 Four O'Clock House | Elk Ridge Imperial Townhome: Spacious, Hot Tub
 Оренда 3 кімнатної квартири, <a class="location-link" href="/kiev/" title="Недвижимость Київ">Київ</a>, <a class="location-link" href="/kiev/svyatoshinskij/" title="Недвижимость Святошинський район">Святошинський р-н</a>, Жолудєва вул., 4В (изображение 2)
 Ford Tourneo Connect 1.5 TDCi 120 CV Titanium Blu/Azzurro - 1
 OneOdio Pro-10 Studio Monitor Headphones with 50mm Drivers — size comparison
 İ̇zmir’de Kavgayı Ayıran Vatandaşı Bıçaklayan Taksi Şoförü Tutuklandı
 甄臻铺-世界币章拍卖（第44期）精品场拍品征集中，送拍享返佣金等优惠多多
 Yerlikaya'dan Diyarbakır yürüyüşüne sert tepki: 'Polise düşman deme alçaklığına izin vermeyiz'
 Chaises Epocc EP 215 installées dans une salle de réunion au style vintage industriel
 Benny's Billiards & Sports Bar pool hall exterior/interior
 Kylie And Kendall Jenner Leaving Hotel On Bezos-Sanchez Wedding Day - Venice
__________________________________________________
From the line holding "Chaises Epocc EP" to the final line of the data, repeat every line exactly. Leave out all the rest.

 Chaises Epocc EP 215 installées dans une salle de réunion au style vintage industriel
 Benny's Billiards & Sports Bar pool hall exterior/interior
 Kylie And Kendall Jenner Leaving Hotel On Bezos-Sanchez Wedding Day - Venice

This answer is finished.